# can i paint over 'conditioned' wood?



## sonofbuster (Mar 28, 2010)

hi there! i'm (slowly) finishing a bookcase for my kid and originally planned on sanding and staining with a poly coat. i did this with his step stool and it still looks great after a year of abuse. following the steps i took with that stool, i conditioned the bookcase with Minwax pre-stain conditioner. it darkened the wood a hair making the grain of the ply come out and... i don't like it. yes, i'm a newb and maybe i was being optimistic about how stained plywood would look, but it's where it is now. 

so my question: after having done this 'conditioning', can i just paint over the wood or do i have to go through and sand again? actually, i'm not going to sand the thing again as it took me a couple months to get it all sanded doing little bits at a time. if i can't paint it, i will just finish the job and chalk it up as 'lesson learned'! hopefully, though, someone has made the same 'mistake' and painted just fine! hopefully...


----------



## Rick Mosher (Feb 26, 2009)

Scuff sand with 220 or 180 grit sandpaper and then prime with a shellac based primer like BIN. I apply a thinned coat first (50/50) and when that is dry caulk any gaps and spackle any holes.
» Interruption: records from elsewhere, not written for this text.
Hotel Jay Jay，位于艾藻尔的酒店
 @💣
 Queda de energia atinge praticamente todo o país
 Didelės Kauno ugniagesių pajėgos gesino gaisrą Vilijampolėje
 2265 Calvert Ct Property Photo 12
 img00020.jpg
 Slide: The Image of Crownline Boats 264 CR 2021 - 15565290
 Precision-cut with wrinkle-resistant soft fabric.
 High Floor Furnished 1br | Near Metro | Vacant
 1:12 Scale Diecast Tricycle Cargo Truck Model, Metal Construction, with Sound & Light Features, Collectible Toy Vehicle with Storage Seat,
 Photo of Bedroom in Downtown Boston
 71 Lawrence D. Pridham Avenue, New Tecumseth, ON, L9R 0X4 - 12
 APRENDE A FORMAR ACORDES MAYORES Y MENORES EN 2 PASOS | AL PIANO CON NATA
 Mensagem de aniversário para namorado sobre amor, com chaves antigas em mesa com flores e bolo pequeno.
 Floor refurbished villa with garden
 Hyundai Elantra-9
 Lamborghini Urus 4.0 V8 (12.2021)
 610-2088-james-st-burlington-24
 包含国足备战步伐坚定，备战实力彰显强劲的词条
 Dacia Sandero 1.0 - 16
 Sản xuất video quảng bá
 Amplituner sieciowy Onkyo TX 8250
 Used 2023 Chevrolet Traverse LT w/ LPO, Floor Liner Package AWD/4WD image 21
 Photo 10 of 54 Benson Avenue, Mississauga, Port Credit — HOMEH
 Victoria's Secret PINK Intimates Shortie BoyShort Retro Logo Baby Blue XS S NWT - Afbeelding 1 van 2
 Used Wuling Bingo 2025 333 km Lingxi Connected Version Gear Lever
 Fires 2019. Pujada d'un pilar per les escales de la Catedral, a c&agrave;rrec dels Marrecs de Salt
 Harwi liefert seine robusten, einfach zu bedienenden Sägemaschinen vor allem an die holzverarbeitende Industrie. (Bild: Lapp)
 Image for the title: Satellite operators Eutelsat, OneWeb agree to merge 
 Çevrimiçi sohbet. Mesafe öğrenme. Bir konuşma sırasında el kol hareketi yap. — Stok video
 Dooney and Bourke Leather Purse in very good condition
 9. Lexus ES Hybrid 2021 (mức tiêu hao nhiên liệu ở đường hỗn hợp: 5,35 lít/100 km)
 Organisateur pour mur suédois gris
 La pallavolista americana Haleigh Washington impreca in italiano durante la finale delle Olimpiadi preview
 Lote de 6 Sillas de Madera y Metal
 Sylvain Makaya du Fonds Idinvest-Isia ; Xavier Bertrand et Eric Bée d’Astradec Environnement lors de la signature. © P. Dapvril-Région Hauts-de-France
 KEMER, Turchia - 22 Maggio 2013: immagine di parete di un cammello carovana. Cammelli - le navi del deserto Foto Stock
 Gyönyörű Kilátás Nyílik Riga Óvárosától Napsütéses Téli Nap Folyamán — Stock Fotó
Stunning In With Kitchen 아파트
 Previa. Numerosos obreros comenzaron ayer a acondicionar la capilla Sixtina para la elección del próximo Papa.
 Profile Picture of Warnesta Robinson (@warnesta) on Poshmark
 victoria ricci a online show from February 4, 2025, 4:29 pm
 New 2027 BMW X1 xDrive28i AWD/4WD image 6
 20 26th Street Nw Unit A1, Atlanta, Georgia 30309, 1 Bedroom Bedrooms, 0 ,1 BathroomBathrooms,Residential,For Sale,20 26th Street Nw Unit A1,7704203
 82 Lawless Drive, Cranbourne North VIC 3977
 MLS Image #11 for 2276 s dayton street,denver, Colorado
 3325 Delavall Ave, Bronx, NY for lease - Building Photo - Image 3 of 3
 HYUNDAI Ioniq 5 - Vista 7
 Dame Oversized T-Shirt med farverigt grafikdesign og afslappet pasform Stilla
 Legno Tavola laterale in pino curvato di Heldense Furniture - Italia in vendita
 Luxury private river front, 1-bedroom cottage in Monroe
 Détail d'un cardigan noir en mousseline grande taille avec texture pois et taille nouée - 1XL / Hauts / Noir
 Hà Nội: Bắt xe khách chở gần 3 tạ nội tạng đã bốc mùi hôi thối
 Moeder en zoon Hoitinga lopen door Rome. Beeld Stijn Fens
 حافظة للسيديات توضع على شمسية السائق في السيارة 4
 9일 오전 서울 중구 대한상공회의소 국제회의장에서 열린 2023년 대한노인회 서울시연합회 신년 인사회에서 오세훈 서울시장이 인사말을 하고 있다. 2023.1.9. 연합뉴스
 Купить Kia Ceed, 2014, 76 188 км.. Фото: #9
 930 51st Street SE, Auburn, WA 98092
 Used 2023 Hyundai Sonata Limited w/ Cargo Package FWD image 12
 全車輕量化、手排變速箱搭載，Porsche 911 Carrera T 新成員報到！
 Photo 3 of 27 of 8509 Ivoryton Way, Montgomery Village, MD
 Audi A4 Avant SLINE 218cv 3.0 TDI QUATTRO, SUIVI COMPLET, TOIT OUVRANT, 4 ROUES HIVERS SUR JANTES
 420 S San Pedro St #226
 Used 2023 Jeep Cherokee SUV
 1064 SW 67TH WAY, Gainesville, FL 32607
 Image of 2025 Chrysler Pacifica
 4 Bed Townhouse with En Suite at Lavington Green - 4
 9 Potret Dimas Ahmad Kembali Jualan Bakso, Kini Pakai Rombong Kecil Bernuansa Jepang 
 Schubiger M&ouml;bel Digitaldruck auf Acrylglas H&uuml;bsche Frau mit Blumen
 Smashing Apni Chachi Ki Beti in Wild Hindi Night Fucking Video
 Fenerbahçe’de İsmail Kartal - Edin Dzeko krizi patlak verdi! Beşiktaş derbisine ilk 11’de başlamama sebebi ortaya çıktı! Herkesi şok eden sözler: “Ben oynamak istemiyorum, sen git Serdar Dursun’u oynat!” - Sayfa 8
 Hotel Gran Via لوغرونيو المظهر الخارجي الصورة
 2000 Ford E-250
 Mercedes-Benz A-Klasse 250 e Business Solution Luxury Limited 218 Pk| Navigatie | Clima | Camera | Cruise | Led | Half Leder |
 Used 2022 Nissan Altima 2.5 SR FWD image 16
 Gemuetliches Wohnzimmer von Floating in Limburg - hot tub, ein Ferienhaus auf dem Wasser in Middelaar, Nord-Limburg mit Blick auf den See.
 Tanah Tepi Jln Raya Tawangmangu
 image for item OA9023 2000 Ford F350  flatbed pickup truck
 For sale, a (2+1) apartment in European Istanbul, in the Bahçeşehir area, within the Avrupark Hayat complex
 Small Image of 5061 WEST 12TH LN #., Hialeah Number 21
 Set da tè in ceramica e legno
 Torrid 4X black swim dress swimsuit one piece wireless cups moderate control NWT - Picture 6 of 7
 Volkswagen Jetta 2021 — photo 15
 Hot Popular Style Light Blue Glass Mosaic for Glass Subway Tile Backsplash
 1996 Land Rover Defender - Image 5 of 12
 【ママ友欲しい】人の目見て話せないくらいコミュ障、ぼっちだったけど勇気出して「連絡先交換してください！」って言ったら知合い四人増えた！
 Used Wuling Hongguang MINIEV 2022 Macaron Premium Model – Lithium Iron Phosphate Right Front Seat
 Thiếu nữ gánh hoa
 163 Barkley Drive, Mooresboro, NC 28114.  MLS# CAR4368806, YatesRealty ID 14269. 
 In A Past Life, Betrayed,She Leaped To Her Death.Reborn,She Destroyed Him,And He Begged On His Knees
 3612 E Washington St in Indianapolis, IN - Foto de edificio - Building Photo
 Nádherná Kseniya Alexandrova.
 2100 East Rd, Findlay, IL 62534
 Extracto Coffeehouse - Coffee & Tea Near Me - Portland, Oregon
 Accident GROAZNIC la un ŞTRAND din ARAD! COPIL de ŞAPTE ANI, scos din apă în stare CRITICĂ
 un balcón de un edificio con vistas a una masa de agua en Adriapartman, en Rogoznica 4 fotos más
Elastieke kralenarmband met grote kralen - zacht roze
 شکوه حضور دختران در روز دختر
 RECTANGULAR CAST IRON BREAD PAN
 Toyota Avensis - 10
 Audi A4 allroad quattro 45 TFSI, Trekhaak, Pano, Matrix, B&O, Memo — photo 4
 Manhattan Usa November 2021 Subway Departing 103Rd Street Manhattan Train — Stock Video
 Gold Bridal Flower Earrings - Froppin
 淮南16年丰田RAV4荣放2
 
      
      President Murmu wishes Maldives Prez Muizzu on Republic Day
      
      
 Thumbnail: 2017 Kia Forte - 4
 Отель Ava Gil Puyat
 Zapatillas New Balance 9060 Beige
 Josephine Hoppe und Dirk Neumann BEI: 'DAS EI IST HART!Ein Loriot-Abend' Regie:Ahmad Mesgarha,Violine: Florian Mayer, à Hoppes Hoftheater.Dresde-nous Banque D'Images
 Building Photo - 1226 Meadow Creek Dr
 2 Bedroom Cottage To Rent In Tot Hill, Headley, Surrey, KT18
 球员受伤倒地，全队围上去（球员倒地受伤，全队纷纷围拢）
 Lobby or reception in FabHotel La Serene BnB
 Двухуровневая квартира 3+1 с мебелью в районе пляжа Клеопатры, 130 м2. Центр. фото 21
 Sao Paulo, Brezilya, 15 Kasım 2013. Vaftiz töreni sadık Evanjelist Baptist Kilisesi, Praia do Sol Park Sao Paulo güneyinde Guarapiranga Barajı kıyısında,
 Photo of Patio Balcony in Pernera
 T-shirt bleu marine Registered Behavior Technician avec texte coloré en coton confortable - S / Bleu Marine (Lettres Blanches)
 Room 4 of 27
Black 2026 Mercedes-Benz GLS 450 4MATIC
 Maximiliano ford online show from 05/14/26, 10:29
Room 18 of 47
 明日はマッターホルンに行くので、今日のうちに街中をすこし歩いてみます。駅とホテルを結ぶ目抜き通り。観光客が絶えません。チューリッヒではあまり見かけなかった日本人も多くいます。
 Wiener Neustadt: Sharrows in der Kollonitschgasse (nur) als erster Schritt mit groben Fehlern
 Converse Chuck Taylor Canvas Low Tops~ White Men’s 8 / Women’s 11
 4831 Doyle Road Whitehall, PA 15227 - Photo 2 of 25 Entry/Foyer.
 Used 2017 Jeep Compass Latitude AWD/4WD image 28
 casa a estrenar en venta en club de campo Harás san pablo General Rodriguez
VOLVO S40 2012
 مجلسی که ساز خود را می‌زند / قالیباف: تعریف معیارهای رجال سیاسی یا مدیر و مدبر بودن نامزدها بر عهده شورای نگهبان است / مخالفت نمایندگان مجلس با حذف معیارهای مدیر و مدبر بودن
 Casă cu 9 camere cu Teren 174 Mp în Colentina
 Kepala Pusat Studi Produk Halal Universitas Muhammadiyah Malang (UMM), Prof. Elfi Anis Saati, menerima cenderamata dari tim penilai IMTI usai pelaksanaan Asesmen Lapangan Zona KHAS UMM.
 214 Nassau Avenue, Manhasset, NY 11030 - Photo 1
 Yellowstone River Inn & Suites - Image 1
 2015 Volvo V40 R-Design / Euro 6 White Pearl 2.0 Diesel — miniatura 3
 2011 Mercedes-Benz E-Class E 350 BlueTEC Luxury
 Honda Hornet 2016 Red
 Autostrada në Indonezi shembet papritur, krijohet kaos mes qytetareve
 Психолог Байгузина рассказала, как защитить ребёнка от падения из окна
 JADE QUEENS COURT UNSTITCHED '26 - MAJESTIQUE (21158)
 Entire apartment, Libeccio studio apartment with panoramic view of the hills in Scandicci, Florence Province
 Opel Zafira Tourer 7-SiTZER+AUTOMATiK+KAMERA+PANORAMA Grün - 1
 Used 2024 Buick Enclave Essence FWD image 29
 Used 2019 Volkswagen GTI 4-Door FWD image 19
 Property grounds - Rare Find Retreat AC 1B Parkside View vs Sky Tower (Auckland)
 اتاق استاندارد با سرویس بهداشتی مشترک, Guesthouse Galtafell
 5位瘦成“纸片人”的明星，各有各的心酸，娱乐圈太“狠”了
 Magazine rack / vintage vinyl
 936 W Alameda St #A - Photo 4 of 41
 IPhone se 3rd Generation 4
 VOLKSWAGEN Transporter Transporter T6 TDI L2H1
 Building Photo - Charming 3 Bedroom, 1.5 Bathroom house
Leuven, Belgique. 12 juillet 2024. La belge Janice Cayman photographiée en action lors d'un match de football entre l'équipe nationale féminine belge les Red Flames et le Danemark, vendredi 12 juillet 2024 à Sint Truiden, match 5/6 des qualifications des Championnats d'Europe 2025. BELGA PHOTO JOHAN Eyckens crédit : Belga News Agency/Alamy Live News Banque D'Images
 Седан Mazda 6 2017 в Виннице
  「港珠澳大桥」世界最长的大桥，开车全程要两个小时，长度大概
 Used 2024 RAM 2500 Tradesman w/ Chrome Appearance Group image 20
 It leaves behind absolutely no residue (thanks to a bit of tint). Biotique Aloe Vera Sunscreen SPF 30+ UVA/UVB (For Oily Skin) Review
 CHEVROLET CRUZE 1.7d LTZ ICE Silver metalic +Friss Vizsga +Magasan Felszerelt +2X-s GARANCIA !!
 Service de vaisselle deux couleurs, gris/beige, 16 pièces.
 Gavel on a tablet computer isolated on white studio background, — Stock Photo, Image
Scuff sand 220 and apply full coat of primer. Surface should be perfect at this point, scuff sand 220 and paint with the paint of your choosing. 

If you want to make sure do a sample piece on scrap wood using the conditioner first and make sure everything sticks like it is supposed to. :icon_smile:


----------



## Steve Neul (Sep 2, 2011)

If the conditioner has dried overnight you should be able to paint it like it never had the conditioner put on it.


----------



## sonofbuster (Mar 28, 2010)

thanks guys!


----------